Économie et alimentation

Les 1800 locuteurs du mwotlap se répartissent en deux groupes: une minorité de 200 personnes environ, a quitté plus ou moins provisoirement l'île de Motalava, pour gagner les villes de Port-Vila ou Santo, situées plus au sud; elle y cherche un travail et un peu d'argent, ce qui n'est pas trop difficile au Vanuatu. En revanche, la majorité, environ 1600 individus, continue de vivre au pays, et à se contenter de l'island life: pas d'électricité, un ou deux véhicules faisant "taxi", et trois ou quatre téléphones collectifs; il n'y a pas non plus de distribution d'eau, et en l'absence de toute rivière, la meilleure eau à boire est celle qui tombe du ciel – quand elle tombe.

Les motalaviens, comme généralement les habitants du Vanuatu hors les deux villes déjà citées, sont principalement des éleveurs et des agriculteurs, utilisant des techniques néolithiques héritées de leurs ancêtres austronésiens, venus jadis de l'Asie du Sud-Est; en cela, les Mélanésiens dans leur ensemble s'opposent par exemple aux Aborigènes d'Australie, population non-austronésienne vivant de la chasse et de la cueillette. En réalité, chasse et cueillette ne sont pas inconnues à Motalava, d'autant plus que la végétation luxuriante s'y prête, dès lors qu'on en maîtrise les secrets. Cependant, les habitants de Motalava pêchent le poisson beaucoup plus souvent qu'ils ne partent à la chasse. Il y a une bonne raison à cela: la faune terrestre est très peu développée dans ces contrées, et mis à part les quelques petits perroquets ou chauves-souris que poursuivent les enfants, la terre ne présente guère d'animal sauvage. La seule exception peut-être, qui fait d'ailleurs la réputation de Motalava dans tout le Vanuatu, sont les délicieux "crabes de cocotier" (nadiy), qui ne se nourrissent que de noix de coco. Outre la pêche déjà mentionnée, qui s'effectue toujours en mer – à la ligne, au filet, ou au harpon – le littoral omniprésent contribue également à l'alimentation, avec ses crabes et ses divers coquillages.

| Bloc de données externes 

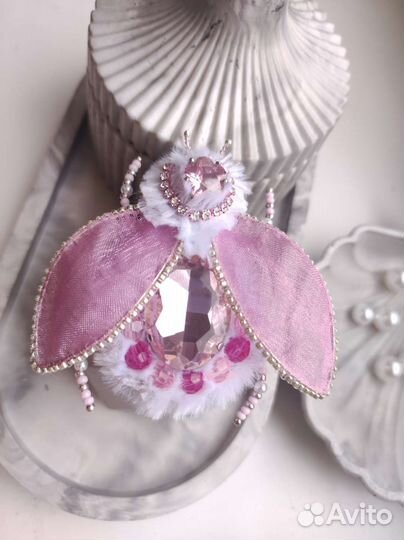 Брошь зимний жук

Les animaux que l'on élève au Vanuatu sont traditionnellement des porcs et des volailles, plus récemment des bovins; mais l'île de Motalava ne compte à ce jour que quatre ou cinq vaches, destinée à agrémenter le repas collectif de Noël ! Quant aux plantes cultivées, il s'agit essentiellement de tubercules comme l'igname, le taro ou le manioc. De nombreux fruits sont également utilisés pour l'alimentation, comme les bananes ou le fruit de l'arbre à pain – celui-ci permet, en particulier, de confectionner le nēlēt [photo], sorte de purée ou de flan, et spécialité des îles Banks; d'autres fruits sucrés, comme les mangues ou les ananas, sont particulièrement prisés par les enfants.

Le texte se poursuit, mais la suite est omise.